Chopsticks are used by billions of people around the world, and these simple yet effective utensils have a truly ancient past. The Chinese have been eating using chopsticks since at least 1200 B.C., and by around 500 A.D the eating implements could be found all over the Asian continent from Vietnam to Japan.

They began merely as cooking utensils but something about them has stuck and they are now used right around the world. The first known set of chopsticks was found at the ruins of Yin, in Henan province. They were bronze, capable of reaching deep into boiling pots of water or oil.

It wasn’t until much later, around A.D. 400 that people began eating with these two slender batons. In essence the method of eating reflected changes in the cuisine. There was a population boom across China and cooks were forced to prepare food, which had been chopped into smaller pieces because it required less cooking fuel that way.

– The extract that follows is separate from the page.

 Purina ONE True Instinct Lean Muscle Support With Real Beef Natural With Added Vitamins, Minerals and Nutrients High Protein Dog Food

Food became bite-sized and knives became an obsolete and expensive extravagance. The chopstick’s rise to glory was heightened also by Confucius, a vegetarian, who believed that sharp utensils at the dinner table would remind eaters of the slaughterhouse, and evoke violence and warfare in his dining companions during meals. Thanks in part to his teachings; chopstick use quickly became widespread throughout Asia.

In 1878 the Japanese became the first to create a disposable set, typically made of bamboo or wood, which is of course now ubiquitous in today’s modern world.

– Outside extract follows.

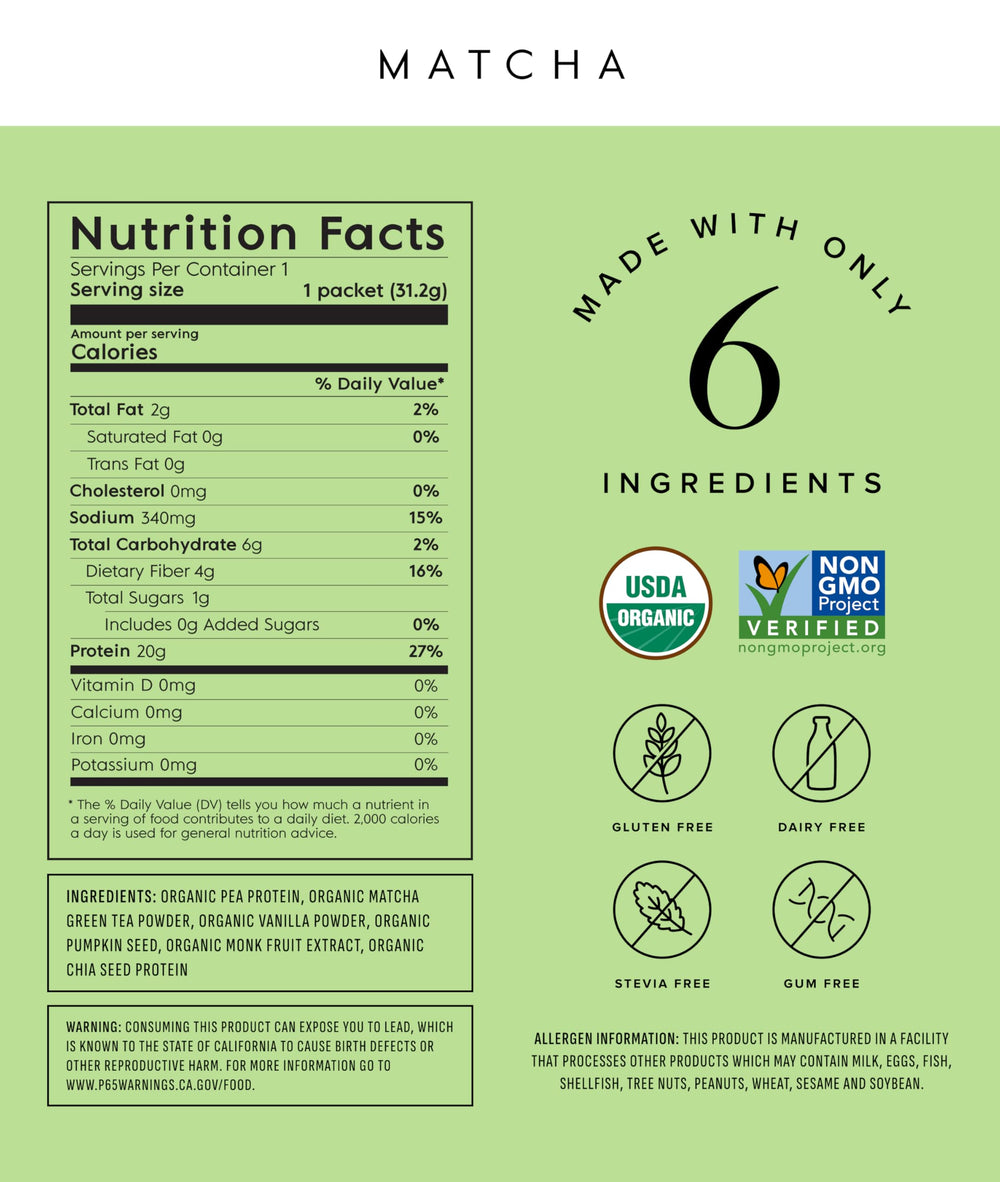 Truvani matcha vegan protein shake glass highlights a smooth post-workout drink.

A few things you may not have known about chopsticks:

It is popular in China among lovers and newlyweds to give each other chopsticks as a gift. The sticks, equal in length and needing to work together in order to function symbolise a couple’s collaboration and love.

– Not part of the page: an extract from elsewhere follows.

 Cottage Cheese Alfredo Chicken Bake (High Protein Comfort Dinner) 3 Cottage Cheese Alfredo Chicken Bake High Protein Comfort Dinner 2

In many Asian cultures, it’s considered rude to allow your chopsticks to stand upright in a mound of rice.

Chopsticks should not be used to root around in the bottom of your bowl for food. Let it go.

Don’t ask for chopsticks in the Philippines. Filipinos eat with forks and spoons.

Similarly you will not find chopsticks served with most meals in Thailand. Thai’s eat their food (unless it’s noodles like Pad Thai) with a spoon and fork.

Chopstick length ranges from region to region. In China, Vietnam, and Korea chopsticks are longer than the ones used in Japan. This is because the Japanese tend to eat food individually as opposed to communally, so the necessity for reaching over and plucking something from a dish in the middle of a table is lessened.

Most of the world’s disposable chopstick supply comes from China, however for a few years in the late 2000’s it was in fact a factory in the small town of Americus, Georgia, which was producing the most wooden chopsticks in the world, exporting to China, Japan, Korea and Taiwan.